There are no movies playing tonight at the Sunset, however. In the six years since the theater turned off its projectors and closed its doors, its former home has been left mostly to decay as potential buyers -- discouraged by a high price tag and little parking space -- have said no thanks and moved along, said Lodi's Community Development Director Konradt Bartlam.
"It's one of those buildings where if someone said, 'I'm going to demolish it,' it might not be a bad thing," Bartlam said.
The Sunset, at 1118 W. Lodi Ave., is one of three movie theaters that went out of business in the years leading up to the opening of the Stadium 12 Cinema on School Street in 2001. The other two -- the Arbor Theater, 843 N. Sacramento St., and the Valley Theater, 420 W. Lodi Ave. -- have already been transformed, the first by a church and the second by a wrecking ball.

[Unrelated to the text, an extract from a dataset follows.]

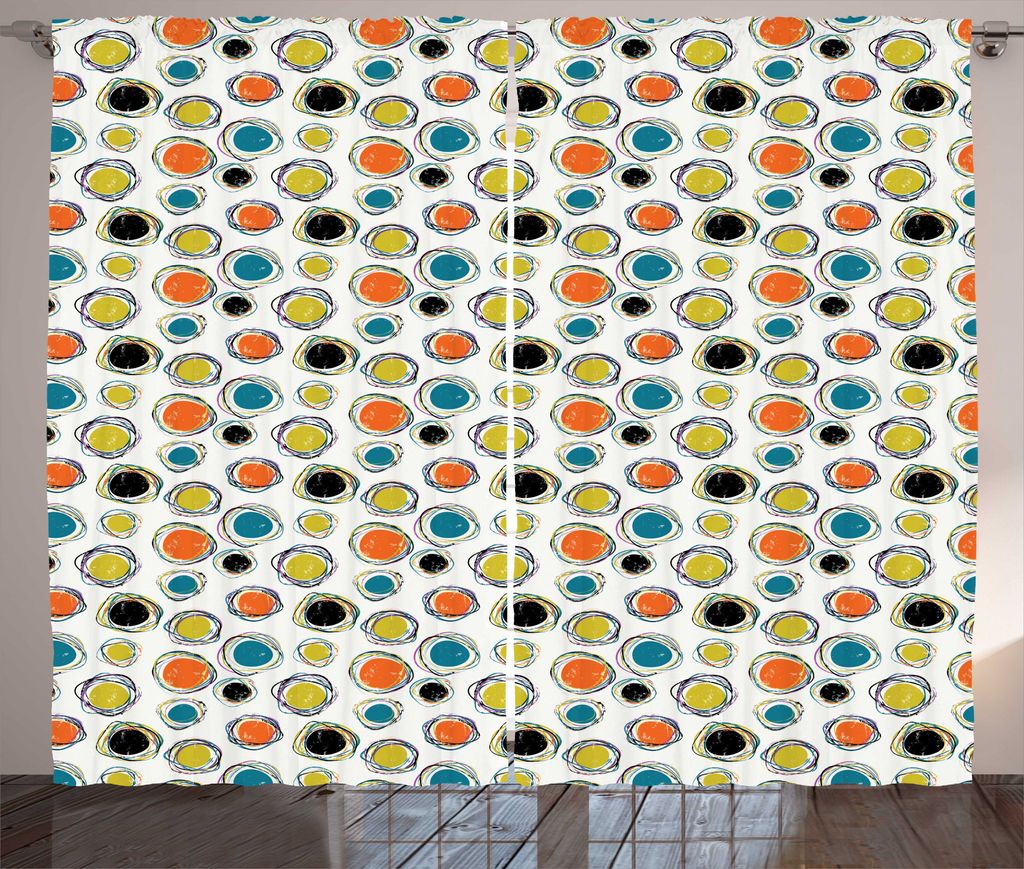 ABAKUHAUS abstrakte Geometrie Rustikaler Gardine, Scribbles Kreise, Wohnzimmer Universalband Gardinen mit Schlaufen und Haken, 280 x 225 cm, weiß ...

At the Sunset, however, the ghost of a movie house still remains, hidden behind boarded windows and doors and cracked walls that once held signs and posters. The building does have one section that remains open to the public -- Avenue Barber Shop sits to the right of the theater's former entrance -- but the old theater has otherwise remained dark since 1998.
People have asked about moving into the building, Bartlam said. First Baptist Church considered the site for its Oneighty Teen Center in 2001 before settling on its current building on Lockeford Street. Several live theater groups and a man looking to build a dinner theater came calling, but age, price and location made them look elsewhere.
"It's the oldest of the bunch," Bartlam said. "It's in a location that's tough because it doesn't have anywhere near the parking (needed) for a building its size."
City records show the Sunset is owned by the TK Theater Corporation in Palm Springs. Calls to the phone number on the building's "For Sale" sign were not returned by the News-Sentinel's evening deadline.
Uses have been found for the city's other two shuttered movie houses, though nothing along the lines of their former incarnations. The Arbor, which closed in the mid-1990s, is now used as a place of worship by Lodi's United Apostolic Church.
The Valley, which in 2001 became the last of the three theaters to close down, was demolished one year later, Bartlam said. The property is included in the expansion plans for the nearby Raley's, which are in the approval process.
The three theaters were all purchased by the same company, North American Cinemas, in 1995. It is the same company that owns downtown's Stadium 12.
"They all basically closed their doors to move into the downtown theater," Bartlam said. "That's why those theaters are closed now."

Moviegoers have not sat in the seats of the Arbor Theater on North Sacramento Street for years. (Casey Freeman/News-Sentinel)
The Sunset opened in 1950, and was widely regarded as the top movie theater in Lodi for decades, said Lodi historian Ralph Lea. All the new releases were typically screened there, especially after its main competition, the Lodi Theater, burned to the ground in the early 1960s.
"The Sunset was the big theater in town," Lea said. "It ran all the first-run movies."
Gone now are the flickering lights, the smell of buttered popcorn and the stars shining down from the marquee. Until a buyer or tenant for the Sunset can be found, the once popular movie house is likely to remain darkened behind boards and plywood.
"The long-term prognosis is unknown," Bartlam said. "It's a commercial zone, so there's just a whole variety of things from a zoning perspective that can go there. The question mark is if somebody can make a deal with the owner."